Joint fusion combines the learned features from intermediate layers of different neural networks for different modalities. The difference between joint fusion and early fusion here is that early fusion leverages invariant features pretrained on each modality respectively while joint fusion trains an end-to-end model that propagates gradients to each feature extractor from the multimodal classifier. The network structure is nearly the same as early fusion but the training strategy is different.
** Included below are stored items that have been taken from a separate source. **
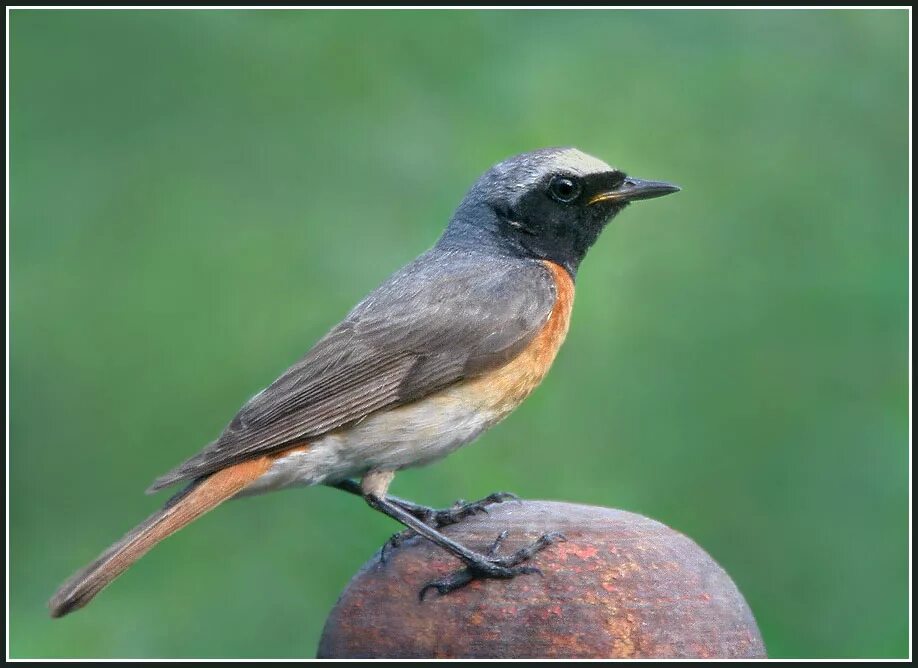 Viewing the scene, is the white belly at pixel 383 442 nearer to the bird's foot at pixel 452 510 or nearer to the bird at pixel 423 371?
the bird at pixel 423 371

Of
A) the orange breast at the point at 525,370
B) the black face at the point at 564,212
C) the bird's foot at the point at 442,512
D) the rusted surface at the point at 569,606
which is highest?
the black face at the point at 564,212

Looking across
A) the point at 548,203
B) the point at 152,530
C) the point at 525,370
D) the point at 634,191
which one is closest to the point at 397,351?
the point at 525,370

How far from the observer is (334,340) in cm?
575

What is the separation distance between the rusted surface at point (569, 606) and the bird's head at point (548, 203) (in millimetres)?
1839

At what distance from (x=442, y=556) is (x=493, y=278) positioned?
5.30 ft

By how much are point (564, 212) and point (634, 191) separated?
363 millimetres

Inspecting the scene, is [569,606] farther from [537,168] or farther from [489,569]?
[537,168]

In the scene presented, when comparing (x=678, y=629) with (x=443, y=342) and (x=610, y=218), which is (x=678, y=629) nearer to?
(x=443, y=342)

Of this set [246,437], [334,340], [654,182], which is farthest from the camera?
[654,182]

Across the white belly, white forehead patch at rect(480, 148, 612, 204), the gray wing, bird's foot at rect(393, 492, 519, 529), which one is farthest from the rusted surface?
white forehead patch at rect(480, 148, 612, 204)

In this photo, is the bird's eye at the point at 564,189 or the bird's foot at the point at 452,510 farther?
the bird's eye at the point at 564,189

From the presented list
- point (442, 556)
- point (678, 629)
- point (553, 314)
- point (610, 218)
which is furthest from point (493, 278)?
point (678, 629)

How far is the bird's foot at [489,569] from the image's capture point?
4.55 m

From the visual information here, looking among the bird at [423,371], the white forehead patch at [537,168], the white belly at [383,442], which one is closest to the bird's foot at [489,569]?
the bird at [423,371] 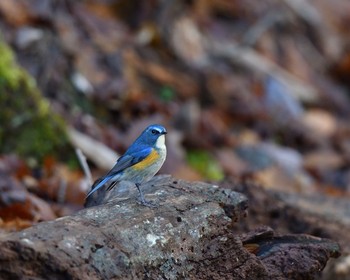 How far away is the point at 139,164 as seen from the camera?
5.52 metres

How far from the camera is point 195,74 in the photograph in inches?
554

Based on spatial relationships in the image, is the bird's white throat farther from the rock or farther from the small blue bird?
the rock

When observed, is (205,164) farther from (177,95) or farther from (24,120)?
(24,120)

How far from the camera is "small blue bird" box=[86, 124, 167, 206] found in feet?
17.9

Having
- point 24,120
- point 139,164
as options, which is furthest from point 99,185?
point 24,120

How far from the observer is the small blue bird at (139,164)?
547 cm

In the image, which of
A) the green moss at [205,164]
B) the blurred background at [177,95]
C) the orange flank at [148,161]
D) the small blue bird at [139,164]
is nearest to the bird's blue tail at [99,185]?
the small blue bird at [139,164]

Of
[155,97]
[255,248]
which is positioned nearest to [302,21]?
[155,97]

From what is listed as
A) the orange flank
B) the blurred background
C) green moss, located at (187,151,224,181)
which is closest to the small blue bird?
the orange flank

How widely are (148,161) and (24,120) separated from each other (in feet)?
12.9

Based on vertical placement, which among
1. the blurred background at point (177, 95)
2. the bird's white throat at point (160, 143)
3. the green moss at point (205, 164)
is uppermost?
the bird's white throat at point (160, 143)

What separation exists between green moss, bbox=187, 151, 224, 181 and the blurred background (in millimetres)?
24

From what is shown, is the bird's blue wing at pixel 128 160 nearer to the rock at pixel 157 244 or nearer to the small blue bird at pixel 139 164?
the small blue bird at pixel 139 164

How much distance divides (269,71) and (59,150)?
7.58 meters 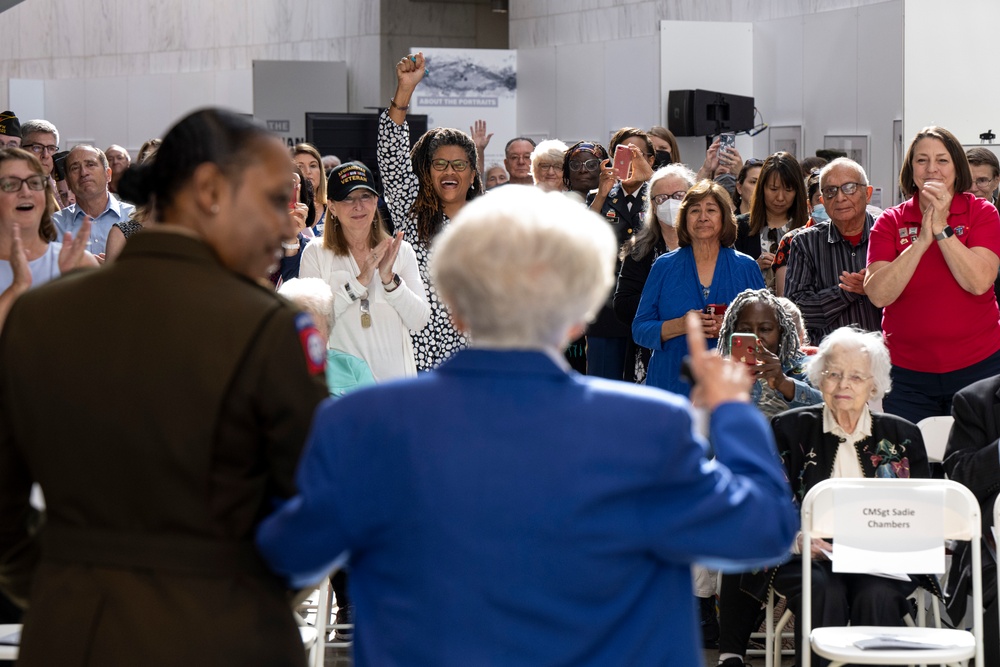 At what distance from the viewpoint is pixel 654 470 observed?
1.65m

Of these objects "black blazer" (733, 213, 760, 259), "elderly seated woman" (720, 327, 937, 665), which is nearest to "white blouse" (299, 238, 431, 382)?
"elderly seated woman" (720, 327, 937, 665)

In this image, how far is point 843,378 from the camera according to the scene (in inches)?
167

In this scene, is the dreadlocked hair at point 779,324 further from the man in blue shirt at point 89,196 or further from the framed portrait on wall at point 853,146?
the framed portrait on wall at point 853,146

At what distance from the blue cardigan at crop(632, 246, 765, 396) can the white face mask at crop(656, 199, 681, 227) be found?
1.18ft

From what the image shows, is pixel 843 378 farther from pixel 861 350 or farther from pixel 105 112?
pixel 105 112

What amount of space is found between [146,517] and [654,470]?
676 mm

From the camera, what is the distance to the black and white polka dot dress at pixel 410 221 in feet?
16.9

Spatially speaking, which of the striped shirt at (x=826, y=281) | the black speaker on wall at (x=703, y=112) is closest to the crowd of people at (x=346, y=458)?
the striped shirt at (x=826, y=281)

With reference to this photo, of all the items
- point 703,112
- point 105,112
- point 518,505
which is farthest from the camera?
point 105,112

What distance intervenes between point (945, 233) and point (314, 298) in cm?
233

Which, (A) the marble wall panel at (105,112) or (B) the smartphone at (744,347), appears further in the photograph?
(A) the marble wall panel at (105,112)

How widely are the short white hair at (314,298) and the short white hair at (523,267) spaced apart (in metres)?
2.45

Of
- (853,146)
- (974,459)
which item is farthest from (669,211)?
(853,146)

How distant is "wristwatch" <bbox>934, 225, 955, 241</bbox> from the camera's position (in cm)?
488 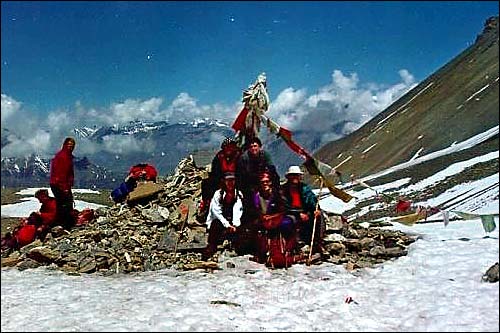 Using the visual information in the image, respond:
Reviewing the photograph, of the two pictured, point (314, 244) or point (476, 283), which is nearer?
point (476, 283)

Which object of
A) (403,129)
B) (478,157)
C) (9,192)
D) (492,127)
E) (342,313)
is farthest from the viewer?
(403,129)

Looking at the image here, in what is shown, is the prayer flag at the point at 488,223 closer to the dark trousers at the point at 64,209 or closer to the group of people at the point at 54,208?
the group of people at the point at 54,208

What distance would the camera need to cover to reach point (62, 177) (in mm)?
12883

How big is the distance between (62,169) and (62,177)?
177 mm

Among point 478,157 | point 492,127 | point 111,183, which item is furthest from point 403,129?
point 111,183

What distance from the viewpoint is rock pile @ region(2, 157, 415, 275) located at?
11.0 metres

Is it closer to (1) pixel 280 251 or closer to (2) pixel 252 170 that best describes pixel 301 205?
(1) pixel 280 251

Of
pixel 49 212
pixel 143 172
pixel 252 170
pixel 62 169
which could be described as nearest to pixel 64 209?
pixel 49 212

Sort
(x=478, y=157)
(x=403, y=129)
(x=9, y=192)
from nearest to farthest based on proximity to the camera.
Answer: (x=9, y=192), (x=478, y=157), (x=403, y=129)

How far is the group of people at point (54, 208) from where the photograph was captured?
12.8m

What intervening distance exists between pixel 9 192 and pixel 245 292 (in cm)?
672

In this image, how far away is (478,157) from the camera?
41.5m

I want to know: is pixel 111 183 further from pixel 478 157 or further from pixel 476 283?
A: pixel 478 157

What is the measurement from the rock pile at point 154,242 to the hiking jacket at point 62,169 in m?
1.00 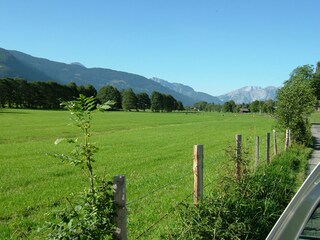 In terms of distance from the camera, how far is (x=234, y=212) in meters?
6.43

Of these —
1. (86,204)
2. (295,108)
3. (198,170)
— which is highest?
(295,108)

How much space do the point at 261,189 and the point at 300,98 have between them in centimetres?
1817

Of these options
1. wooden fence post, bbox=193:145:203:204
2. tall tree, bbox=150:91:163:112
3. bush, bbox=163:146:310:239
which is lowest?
bush, bbox=163:146:310:239

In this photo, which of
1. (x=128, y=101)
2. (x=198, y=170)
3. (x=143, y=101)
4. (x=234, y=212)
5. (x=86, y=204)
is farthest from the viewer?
(x=143, y=101)

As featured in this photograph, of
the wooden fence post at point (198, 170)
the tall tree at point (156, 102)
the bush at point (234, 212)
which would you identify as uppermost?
the tall tree at point (156, 102)

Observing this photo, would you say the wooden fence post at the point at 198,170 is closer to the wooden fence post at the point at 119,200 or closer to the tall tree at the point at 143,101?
the wooden fence post at the point at 119,200

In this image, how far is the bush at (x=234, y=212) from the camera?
5.72 m

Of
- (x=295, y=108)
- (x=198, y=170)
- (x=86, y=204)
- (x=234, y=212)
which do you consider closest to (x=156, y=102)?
(x=295, y=108)

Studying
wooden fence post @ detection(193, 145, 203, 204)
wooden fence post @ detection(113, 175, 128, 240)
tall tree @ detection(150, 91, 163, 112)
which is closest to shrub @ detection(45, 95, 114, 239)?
wooden fence post @ detection(113, 175, 128, 240)

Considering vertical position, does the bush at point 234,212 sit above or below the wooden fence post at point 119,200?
below

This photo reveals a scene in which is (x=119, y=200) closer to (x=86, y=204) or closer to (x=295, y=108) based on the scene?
(x=86, y=204)

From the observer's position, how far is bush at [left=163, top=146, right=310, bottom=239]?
5.72 meters

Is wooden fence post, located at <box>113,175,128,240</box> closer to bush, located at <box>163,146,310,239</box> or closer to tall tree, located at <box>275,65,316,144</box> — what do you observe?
bush, located at <box>163,146,310,239</box>

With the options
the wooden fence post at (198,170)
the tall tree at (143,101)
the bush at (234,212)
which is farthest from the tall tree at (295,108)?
the tall tree at (143,101) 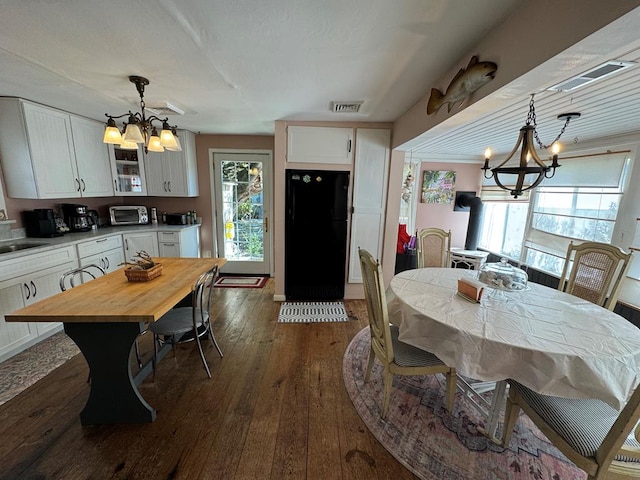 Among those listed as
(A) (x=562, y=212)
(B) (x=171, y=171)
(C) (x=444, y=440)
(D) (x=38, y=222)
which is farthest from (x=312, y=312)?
(A) (x=562, y=212)

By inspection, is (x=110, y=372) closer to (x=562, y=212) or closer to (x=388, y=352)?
(x=388, y=352)

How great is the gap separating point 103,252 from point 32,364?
51.0 inches

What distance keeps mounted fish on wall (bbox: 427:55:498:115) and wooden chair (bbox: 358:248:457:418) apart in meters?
1.12

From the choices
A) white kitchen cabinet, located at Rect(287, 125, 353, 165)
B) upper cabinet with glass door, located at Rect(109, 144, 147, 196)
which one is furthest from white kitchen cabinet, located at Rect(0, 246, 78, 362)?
white kitchen cabinet, located at Rect(287, 125, 353, 165)

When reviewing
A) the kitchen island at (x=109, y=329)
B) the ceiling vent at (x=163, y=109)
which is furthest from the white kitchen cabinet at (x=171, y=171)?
the kitchen island at (x=109, y=329)

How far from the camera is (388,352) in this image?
1.65 metres

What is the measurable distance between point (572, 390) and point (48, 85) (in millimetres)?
4036

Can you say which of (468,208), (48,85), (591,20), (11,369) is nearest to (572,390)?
(591,20)

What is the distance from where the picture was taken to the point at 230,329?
284 centimetres

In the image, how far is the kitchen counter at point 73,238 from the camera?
7.65 feet

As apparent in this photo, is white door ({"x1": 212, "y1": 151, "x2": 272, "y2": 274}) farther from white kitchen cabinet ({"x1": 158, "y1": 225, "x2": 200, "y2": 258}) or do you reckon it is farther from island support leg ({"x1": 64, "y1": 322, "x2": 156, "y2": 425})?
island support leg ({"x1": 64, "y1": 322, "x2": 156, "y2": 425})

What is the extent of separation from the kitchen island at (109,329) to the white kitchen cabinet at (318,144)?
84.3 inches

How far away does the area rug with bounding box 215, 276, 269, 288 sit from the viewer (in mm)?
4078

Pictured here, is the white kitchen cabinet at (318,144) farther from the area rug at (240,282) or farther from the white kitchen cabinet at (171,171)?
the area rug at (240,282) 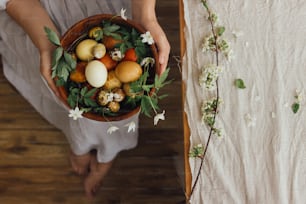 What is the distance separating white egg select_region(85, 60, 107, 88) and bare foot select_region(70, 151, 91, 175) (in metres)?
0.33

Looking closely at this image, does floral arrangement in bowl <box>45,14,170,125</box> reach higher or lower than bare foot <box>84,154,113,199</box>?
higher

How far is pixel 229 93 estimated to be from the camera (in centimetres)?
82

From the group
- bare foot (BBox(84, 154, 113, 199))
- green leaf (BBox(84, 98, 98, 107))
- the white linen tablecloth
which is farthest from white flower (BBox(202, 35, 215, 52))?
bare foot (BBox(84, 154, 113, 199))

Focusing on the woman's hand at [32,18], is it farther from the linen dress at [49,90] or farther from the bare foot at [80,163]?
the bare foot at [80,163]

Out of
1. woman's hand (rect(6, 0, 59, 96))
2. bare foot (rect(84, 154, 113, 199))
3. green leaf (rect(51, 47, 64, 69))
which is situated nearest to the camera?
green leaf (rect(51, 47, 64, 69))

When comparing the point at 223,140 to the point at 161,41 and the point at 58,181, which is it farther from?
the point at 58,181

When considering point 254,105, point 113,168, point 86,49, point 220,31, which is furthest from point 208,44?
point 113,168

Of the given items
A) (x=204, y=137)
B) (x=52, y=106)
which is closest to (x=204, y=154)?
(x=204, y=137)

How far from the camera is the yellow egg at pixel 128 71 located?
70 centimetres

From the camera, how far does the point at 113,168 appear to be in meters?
1.01

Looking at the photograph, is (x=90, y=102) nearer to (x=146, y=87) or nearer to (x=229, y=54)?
(x=146, y=87)

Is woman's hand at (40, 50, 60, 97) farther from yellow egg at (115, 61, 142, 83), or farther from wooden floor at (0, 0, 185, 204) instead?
wooden floor at (0, 0, 185, 204)

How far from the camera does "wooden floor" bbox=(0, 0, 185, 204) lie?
39.2 inches

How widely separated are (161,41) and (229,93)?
163mm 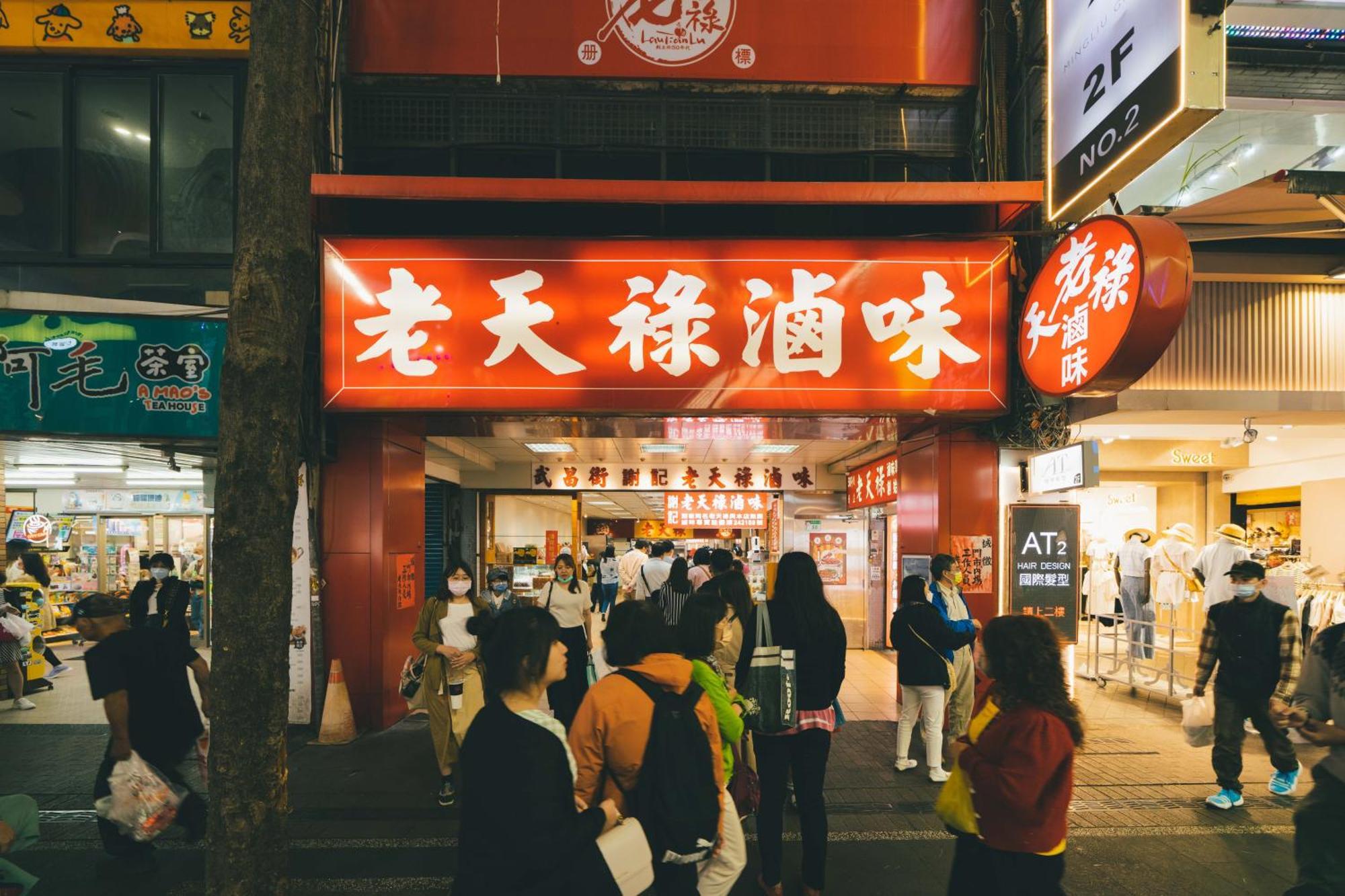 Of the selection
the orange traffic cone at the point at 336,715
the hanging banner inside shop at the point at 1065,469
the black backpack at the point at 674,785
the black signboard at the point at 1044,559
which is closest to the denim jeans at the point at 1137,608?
the black signboard at the point at 1044,559

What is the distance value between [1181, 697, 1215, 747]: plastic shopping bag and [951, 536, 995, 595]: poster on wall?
2.19 meters

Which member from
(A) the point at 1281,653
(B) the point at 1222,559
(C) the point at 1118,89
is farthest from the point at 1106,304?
(B) the point at 1222,559

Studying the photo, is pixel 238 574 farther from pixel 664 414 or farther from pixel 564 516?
pixel 564 516

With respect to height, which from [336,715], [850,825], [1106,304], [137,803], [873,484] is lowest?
[850,825]

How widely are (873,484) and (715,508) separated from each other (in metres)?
4.44

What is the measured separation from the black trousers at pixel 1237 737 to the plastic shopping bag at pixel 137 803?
7.95 m

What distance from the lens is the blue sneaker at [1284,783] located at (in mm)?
5914

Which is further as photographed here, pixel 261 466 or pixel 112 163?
pixel 112 163

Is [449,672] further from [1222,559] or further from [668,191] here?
[1222,559]

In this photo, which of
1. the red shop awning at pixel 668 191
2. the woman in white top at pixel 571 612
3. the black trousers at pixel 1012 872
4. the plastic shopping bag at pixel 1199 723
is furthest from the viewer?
the woman in white top at pixel 571 612

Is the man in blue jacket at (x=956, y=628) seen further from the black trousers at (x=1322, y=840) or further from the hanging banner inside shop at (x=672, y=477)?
the hanging banner inside shop at (x=672, y=477)

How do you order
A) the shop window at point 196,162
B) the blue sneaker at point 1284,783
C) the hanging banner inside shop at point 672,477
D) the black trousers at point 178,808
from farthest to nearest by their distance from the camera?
1. the hanging banner inside shop at point 672,477
2. the shop window at point 196,162
3. the blue sneaker at point 1284,783
4. the black trousers at point 178,808

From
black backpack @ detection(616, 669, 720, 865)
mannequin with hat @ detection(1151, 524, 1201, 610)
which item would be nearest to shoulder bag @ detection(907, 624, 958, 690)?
black backpack @ detection(616, 669, 720, 865)

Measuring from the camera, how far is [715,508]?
15.2 metres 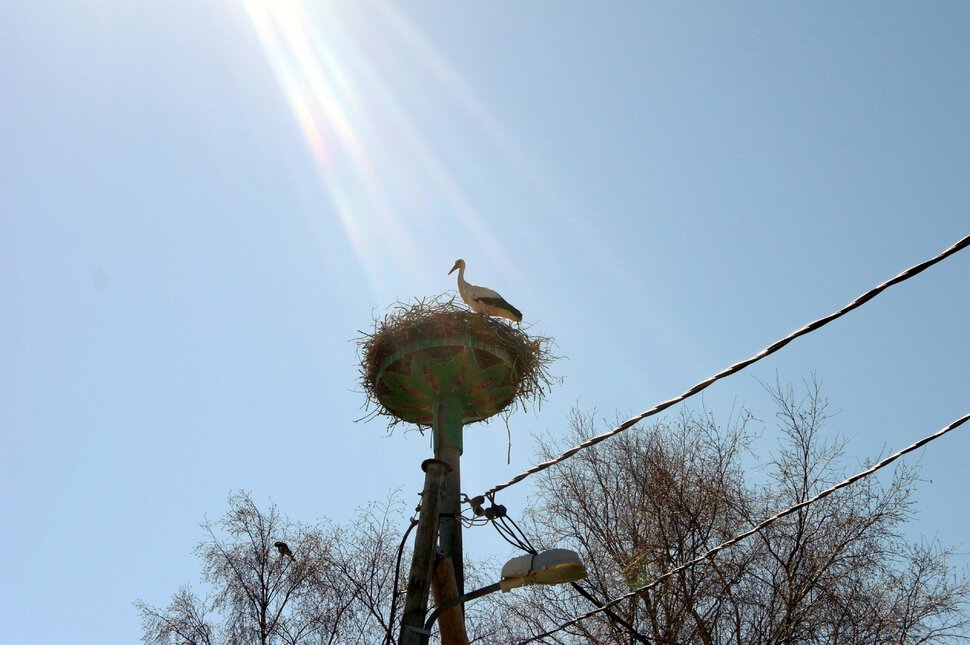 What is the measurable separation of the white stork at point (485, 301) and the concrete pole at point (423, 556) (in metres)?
2.84

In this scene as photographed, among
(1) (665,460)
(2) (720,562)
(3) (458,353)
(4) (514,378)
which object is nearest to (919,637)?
(2) (720,562)

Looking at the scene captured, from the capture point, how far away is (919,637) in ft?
33.3

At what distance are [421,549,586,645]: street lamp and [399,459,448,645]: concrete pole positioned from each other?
4.7 inches

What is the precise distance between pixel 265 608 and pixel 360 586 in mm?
1485

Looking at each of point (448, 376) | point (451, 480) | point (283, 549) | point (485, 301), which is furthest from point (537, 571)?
point (283, 549)

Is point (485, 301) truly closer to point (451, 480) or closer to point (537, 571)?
point (451, 480)

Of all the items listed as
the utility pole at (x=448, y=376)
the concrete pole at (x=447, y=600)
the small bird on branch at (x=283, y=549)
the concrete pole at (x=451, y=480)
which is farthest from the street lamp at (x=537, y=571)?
the small bird on branch at (x=283, y=549)

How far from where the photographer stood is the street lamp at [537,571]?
5.03m

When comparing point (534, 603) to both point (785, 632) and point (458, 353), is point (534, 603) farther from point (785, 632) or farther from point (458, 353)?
Answer: point (458, 353)

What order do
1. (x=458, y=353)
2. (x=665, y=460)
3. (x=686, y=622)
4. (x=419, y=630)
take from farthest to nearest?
(x=665, y=460), (x=686, y=622), (x=458, y=353), (x=419, y=630)

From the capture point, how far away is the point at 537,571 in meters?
5.04

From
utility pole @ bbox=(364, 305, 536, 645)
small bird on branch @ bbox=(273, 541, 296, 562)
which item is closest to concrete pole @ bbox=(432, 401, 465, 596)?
utility pole @ bbox=(364, 305, 536, 645)

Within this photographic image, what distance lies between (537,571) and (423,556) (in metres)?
0.68

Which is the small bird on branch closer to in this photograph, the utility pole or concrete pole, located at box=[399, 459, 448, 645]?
the utility pole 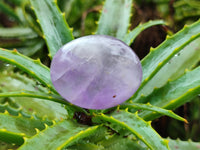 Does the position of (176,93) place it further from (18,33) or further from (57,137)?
(18,33)

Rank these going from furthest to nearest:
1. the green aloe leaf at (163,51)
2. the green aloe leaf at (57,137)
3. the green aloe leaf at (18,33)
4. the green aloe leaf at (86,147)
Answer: the green aloe leaf at (18,33) → the green aloe leaf at (163,51) → the green aloe leaf at (86,147) → the green aloe leaf at (57,137)

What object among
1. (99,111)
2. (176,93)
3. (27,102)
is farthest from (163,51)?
(27,102)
Direct addition is also used here to construct multimodal feature vectors so the input dimension of the classification layer is also 2d. The structure of joint fusion is shown in Fig. 3.

Figure 3.

Figure 3

Joint fusion model structure. The feature extractors are directly connected to the classifier and trained together in one go. The training starts from the random initialization of both feature extractors and classifier, then is trained end-to-end on the multimodal dataset.

Late fusion trains different classifiers for modalities respectively and combines their uni-modal prediction to form a global multimodal prediction. This strategy resembles ensemble learning and is also known as decision-level fusion. There are different styles of assembling predictions, we select averaging in our implementation. The strategy is shown in Fig. 4.

Figure 4.

Figure 4

Late fusion model structure. There are three classifiers attached to each feature extractor for each modality. The predictions of all three modalities are aggregated by calculating the average to produce the final prediction. The late fusion model was also trained in an end-to-end manner.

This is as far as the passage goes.